Exact Penalty Method for Variationally Coherent Stochastic Programming Problems
Bogdan K. Jastrz\k{e}bski, Rados{\l}aw Pytlak

TL;DR
This paper develops an exact penalty method combined with mirror descent for stochastic programming with complex constraints, establishing convergence under variational coherence and extending to Clarke's generalized gradients.
Contribution
It introduces a novel approach integrating exact penalty functions with mirror descent for constrained stochastic optimization, extending existing theory to variationally coherent problems.
Findings
Proposed a mirror descent algorithm with stochastic approximations for exact penalty problems.
Established global convergence under variational coherence and Clarke's generalized gradients.
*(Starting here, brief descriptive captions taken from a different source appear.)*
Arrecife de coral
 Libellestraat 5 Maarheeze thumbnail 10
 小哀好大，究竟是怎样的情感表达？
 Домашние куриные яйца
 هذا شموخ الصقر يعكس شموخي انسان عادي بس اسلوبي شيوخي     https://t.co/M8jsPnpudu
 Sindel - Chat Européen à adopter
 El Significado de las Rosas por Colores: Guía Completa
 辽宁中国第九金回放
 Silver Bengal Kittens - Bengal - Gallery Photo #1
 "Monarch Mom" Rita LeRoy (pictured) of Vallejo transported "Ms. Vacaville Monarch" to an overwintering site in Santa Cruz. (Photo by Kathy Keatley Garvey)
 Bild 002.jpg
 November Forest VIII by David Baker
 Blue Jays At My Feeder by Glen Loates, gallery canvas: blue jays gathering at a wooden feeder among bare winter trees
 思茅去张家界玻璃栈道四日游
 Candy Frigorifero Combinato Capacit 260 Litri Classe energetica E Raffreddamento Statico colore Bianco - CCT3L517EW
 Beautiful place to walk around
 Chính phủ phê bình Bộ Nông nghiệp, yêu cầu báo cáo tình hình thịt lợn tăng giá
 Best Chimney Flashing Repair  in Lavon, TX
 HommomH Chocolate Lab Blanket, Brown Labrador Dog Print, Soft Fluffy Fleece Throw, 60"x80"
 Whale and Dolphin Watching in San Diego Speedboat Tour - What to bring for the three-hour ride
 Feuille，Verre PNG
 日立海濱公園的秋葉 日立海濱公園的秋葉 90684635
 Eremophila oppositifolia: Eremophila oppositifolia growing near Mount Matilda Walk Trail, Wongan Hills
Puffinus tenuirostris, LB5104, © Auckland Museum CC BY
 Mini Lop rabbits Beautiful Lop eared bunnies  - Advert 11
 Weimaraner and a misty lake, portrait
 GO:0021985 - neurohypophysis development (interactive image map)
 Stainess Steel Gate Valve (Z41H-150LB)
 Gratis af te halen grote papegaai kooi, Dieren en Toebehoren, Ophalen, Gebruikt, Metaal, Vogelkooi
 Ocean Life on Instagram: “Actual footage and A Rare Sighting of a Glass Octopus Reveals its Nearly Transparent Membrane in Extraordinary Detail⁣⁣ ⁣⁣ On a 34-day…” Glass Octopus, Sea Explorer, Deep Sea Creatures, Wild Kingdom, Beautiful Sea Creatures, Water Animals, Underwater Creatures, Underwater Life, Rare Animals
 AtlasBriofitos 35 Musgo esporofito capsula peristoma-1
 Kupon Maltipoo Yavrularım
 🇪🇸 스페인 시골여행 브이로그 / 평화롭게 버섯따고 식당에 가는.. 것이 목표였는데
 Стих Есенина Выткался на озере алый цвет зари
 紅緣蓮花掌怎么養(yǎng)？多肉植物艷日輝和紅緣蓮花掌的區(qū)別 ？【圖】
Numerical examples demonstrate the effectiveness of the method.
Abstract
The paper concerns optimization problems with general equality and inequality constraints and with constraints expressed by a convex set. In order to solve these problems, the general constraints are treated by an exact penalty functions while the others by mirror descent approach. The paper introduces a constraint qualification condition under which the solution of the optimization problem with an exact penalty function and constraints defined by the convex set is a solution of the original problem with constraints. The paper extends results on exact penalty functions to the case when together with general equality and inequality constraints additional constraints defined by a convex set are present. In order to solve the optimization problems with exact penalty functions, a mirror descent algorithm is proposed. It is assumed that instead of using gradients of functions defining…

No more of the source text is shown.